What you need to do:
From the line containing "Used Hyundai i10" down to the line containing "Vintage G Plan", copy out the entries below exactly, both lines included, and nothing else; pictures do not belong in the copy.

Data in this exercise:

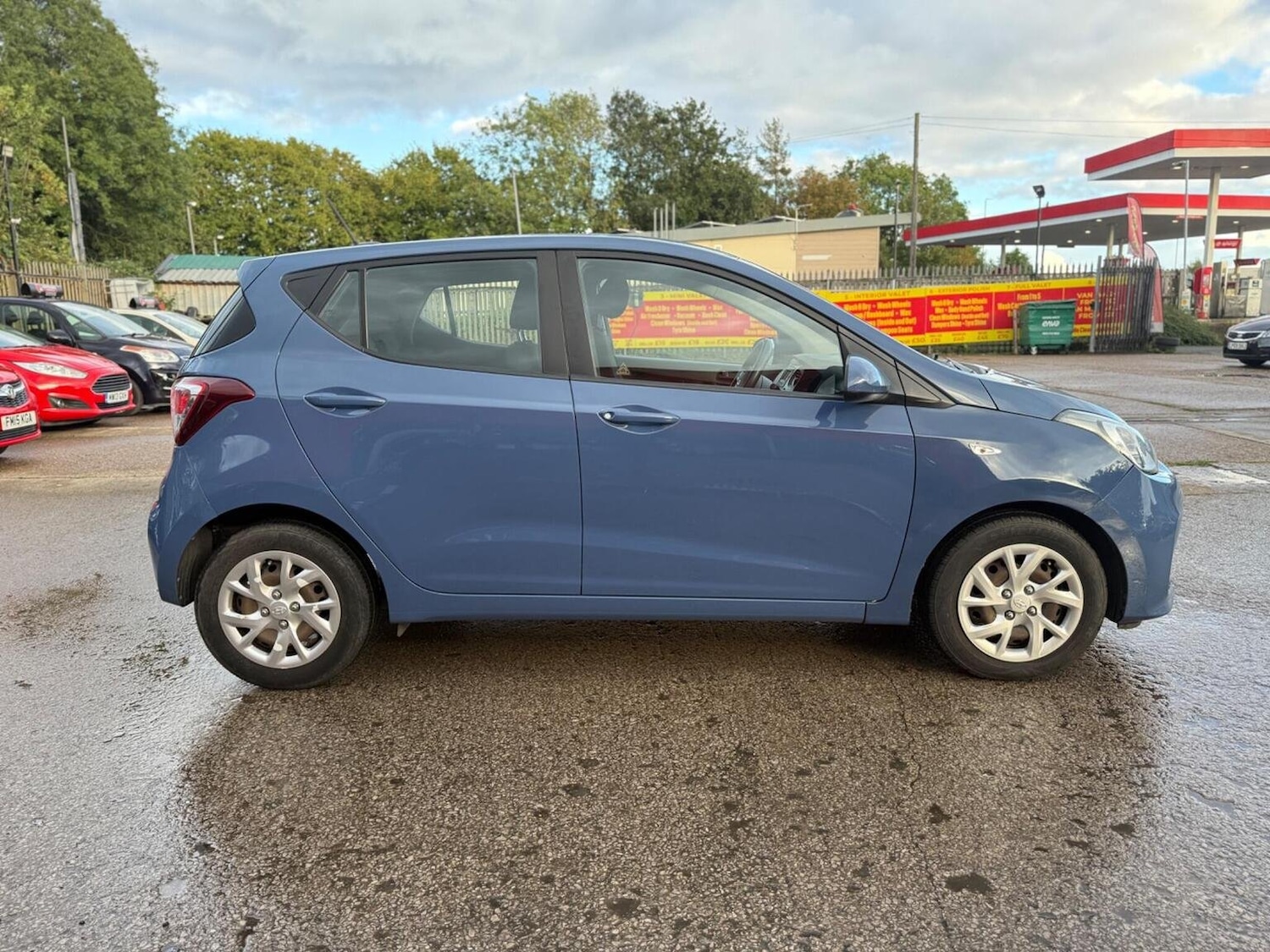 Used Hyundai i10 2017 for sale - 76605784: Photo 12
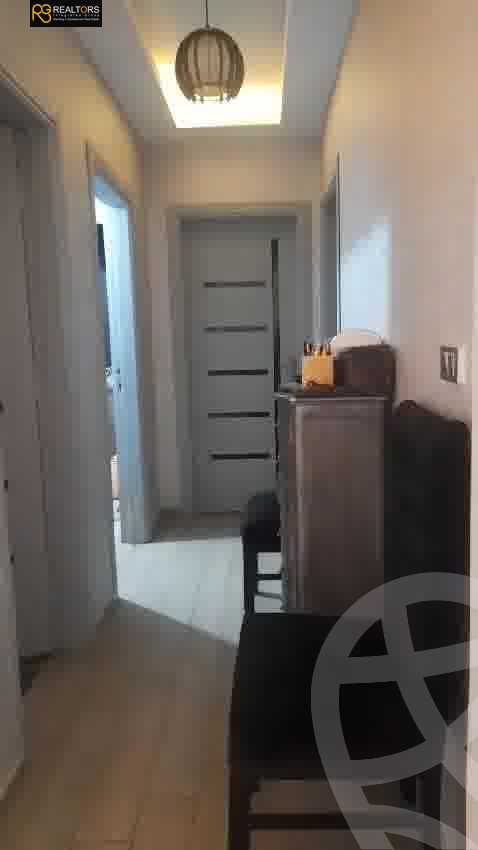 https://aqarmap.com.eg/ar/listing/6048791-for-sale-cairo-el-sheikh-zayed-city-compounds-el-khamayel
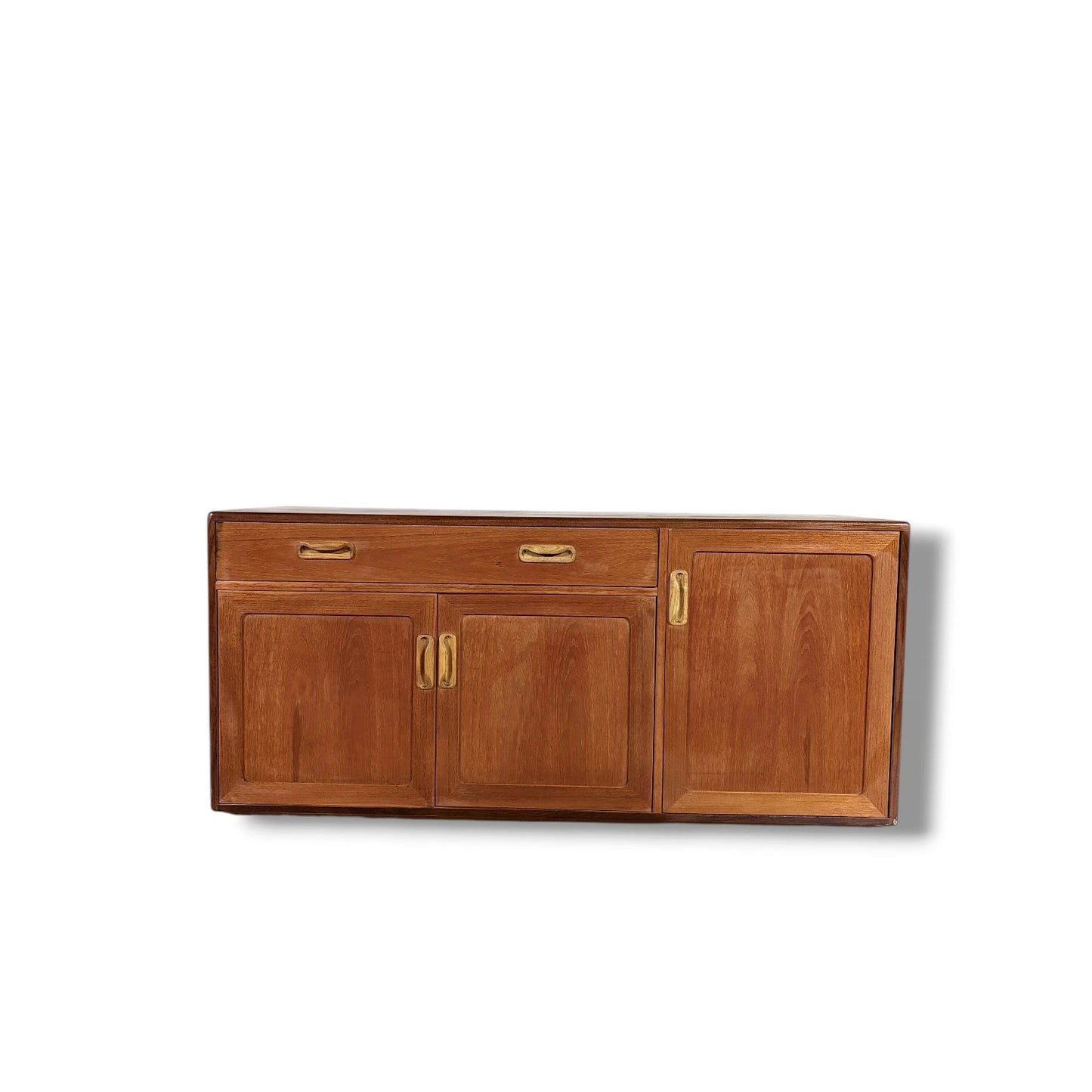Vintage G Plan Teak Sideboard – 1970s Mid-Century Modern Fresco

---

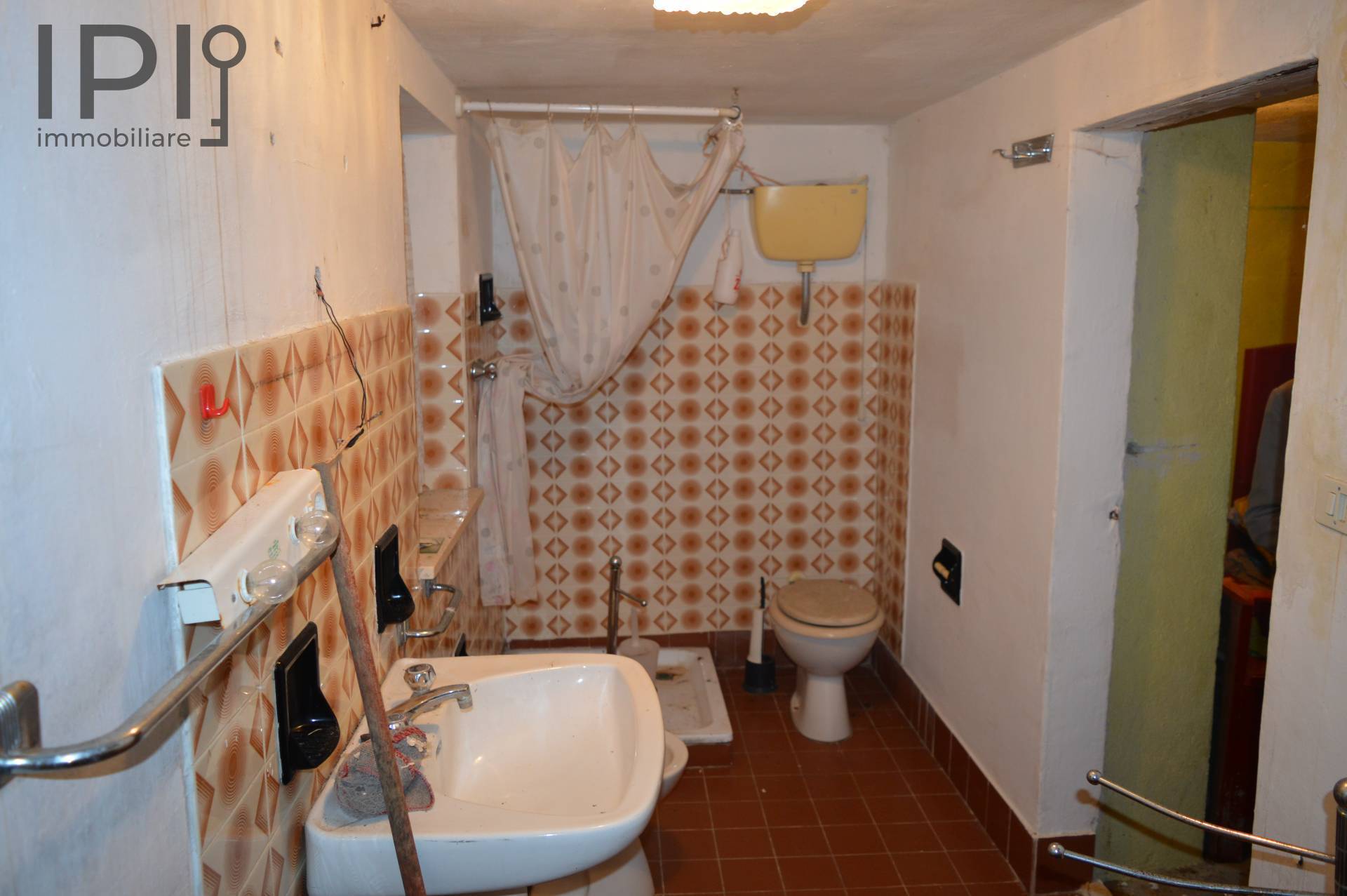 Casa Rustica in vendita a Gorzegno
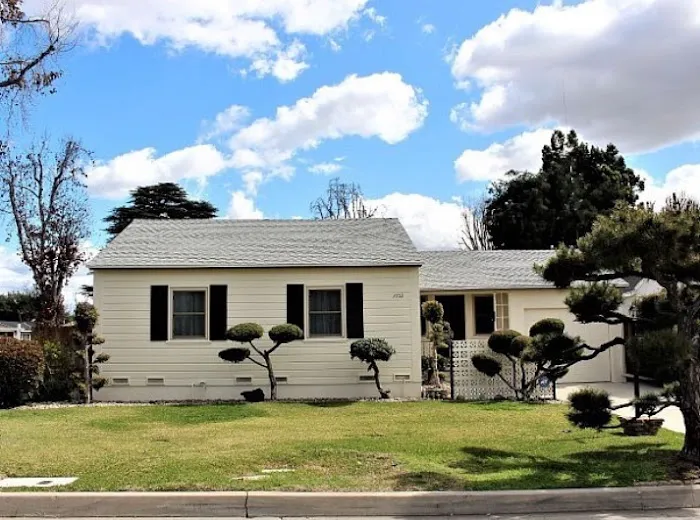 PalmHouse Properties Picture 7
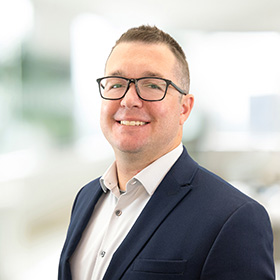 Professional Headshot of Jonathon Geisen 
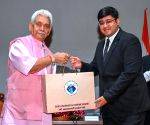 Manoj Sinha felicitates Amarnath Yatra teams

Response to the task:
 Used Hyundai i10 2017 for sale - 76605784: Photo 12
 https://aqarmap.com.eg/ar/listing/6048791-for-sale-cairo-el-sheikh-zayed-city-compounds-el-khamayel
Vintage G Plan Teak Sideboard – 1970s Mid-Century Modern Fresco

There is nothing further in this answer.